Series Solution for O.D.E (Frobenius method?)

[JacobHempel]

Homework Statement

(For Physics 306: Theoretical methods of Physics... Text book: Mathematical Tools for Physics (really good!)...
Assumption: 300 level class = considerably junior level class)

-- Find a series solution about x=0 for y''+ysec(x) = 0, at least to a few terms.

(Ans: a$_{0}$[1-(1/2)x$^{2}$+0x$^{4}$+1/720x$^{6}$+...]+a$_{1}$[x-(1/6)x$^{3}$-(1/60)x$^{5}$+...]

Homework Equations

Frobenius Solution: Supposing there is a singularity point at x=x0, a possible solution is given by the power series, that is

Ʃ(from k=0 to inf) a$_{k}$x$^{k+s}$

The Attempt at a Solution

There is a singularity point not at x=0, but at x= npi/2. The problem specifies, though, to try finding a power series solution about x=0.

Let x(t) = Ʃ a$_{k}$x$^{k+s}$

Using this, plug it into the equation to obtain

Ʃ a$_{k}$x$^{k+s-2}$ (k+s)(k+s-1) +Ʃ a$_{k}$x$^{k+s}$ = 0

after that I matched the terms up by pushing the first summation up by two indicese. To do this, I wrote out two terms, then shifted the k values by +2.

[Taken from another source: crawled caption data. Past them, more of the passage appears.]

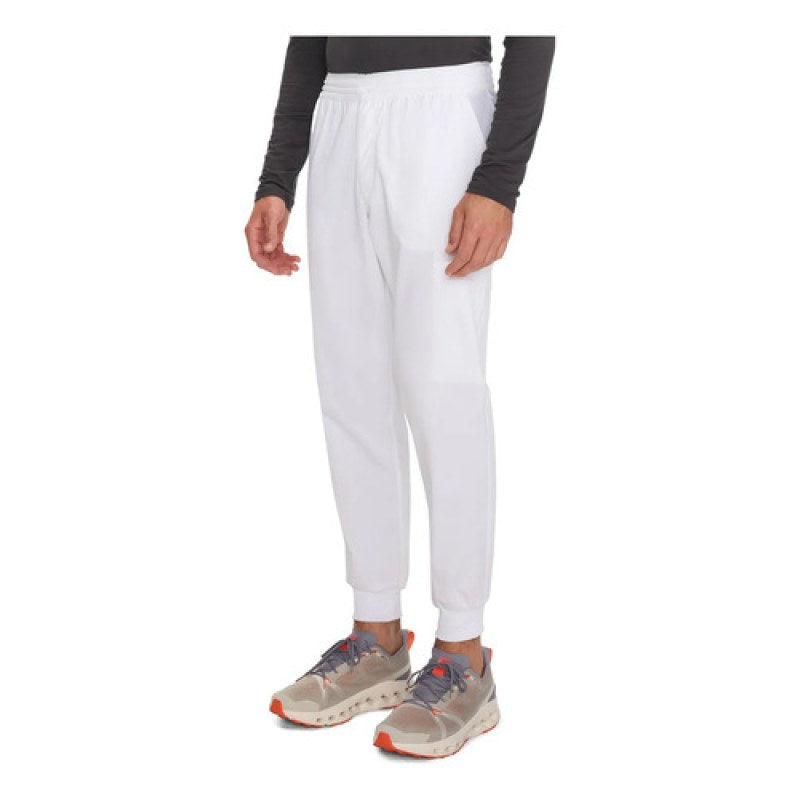 Pantalón Cherokee Ww251 Quirúrgico Jogger Revolution Hombre #mlpos_8 #mlitem_MLM3120277067 | Color: WHT - Blanco | Talla: S - Chico #color_wht_-_blanco #sku_ww251whtl #sku_ww251whts #sku_ww251whtxl #sku_ww251whtxs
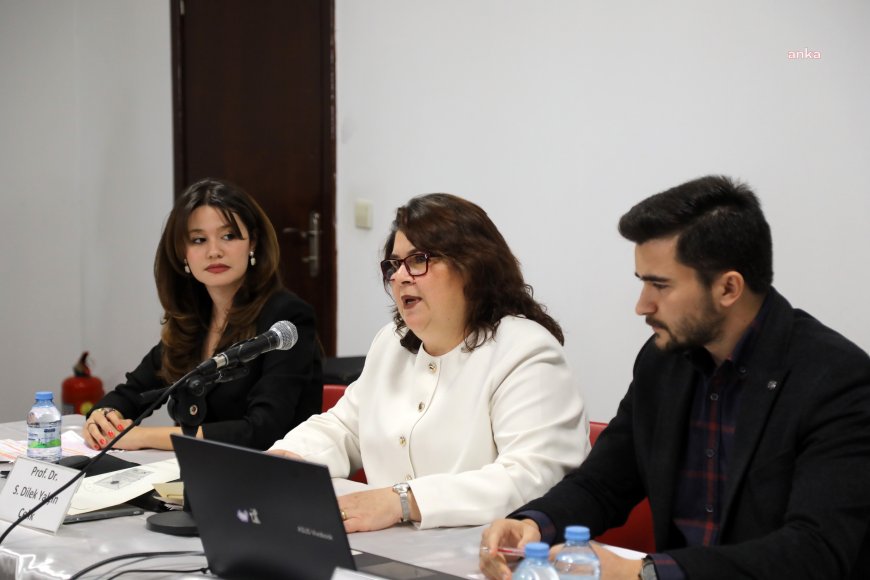 Şair Fazıl Hüsnü Dağlarca, Çankaya'da anıldı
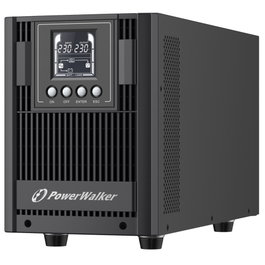 PowerWalker VFI 2000 AT 2 kVA, 1.8 kW, Black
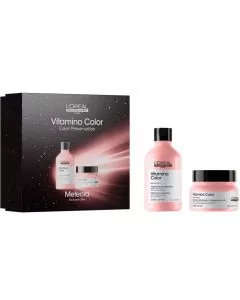 L'Oréal Professionnel Série Expert Vitamino Color Duo Set - Protection et Éclat de la Couleur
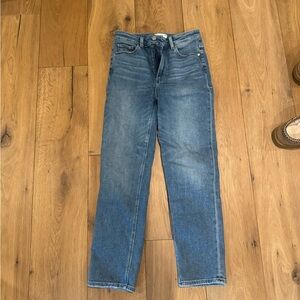 Paige Stella Crop jeans size 26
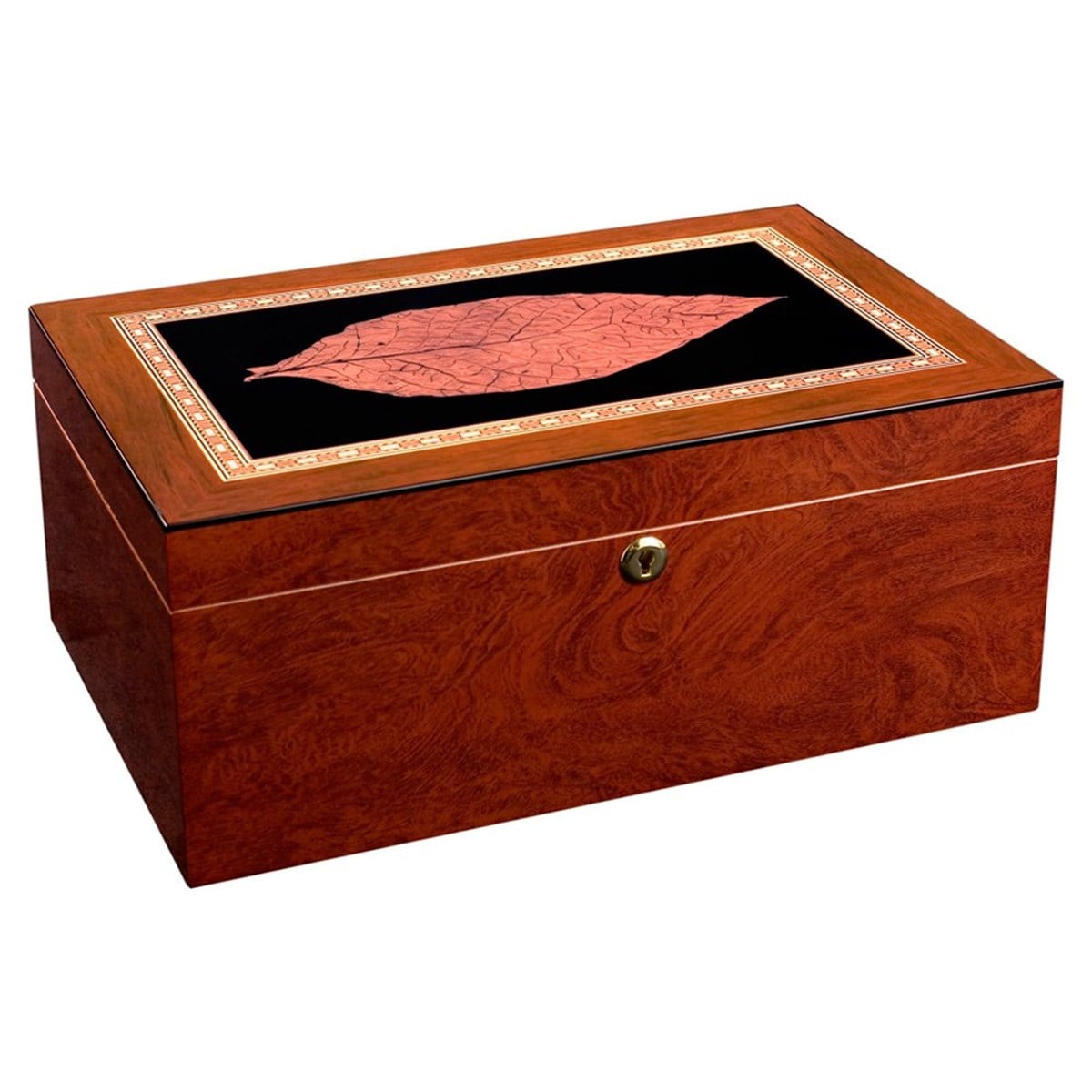 TR907,Adorini Venezia Grande Humidor Puro Kutusu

a$_{0}$(s)(s-1)x$^{s-2}$+a$_{1}$(1+s)(s)x$^{s-1}$+Ʃ a$_{k+2}$x$^{k+s}$ (k+s+2)(k+s+1) +Ʃ a$_{k}$x$^{k+s}$ = 0

This is where I stopped. I'm unsure as to what to do next. You match up the terms in a regular Forbenius method, but this time it has a cos(x) in the second term, which is what makes this problem strange to me.

I think the next step is to find s, then just write out a few terms of both the series.

Also sorry about the mess regarding the equations. I got rid of all the sigma indices, so when you see a sigma, it is always from k=0 to k=∞.

 

[voko]

Expand the secant function into a power series.

 

[vela]

Since there's no singularity at x=0, you can use a plain old power series and avoid trying to find s from an indicial equation.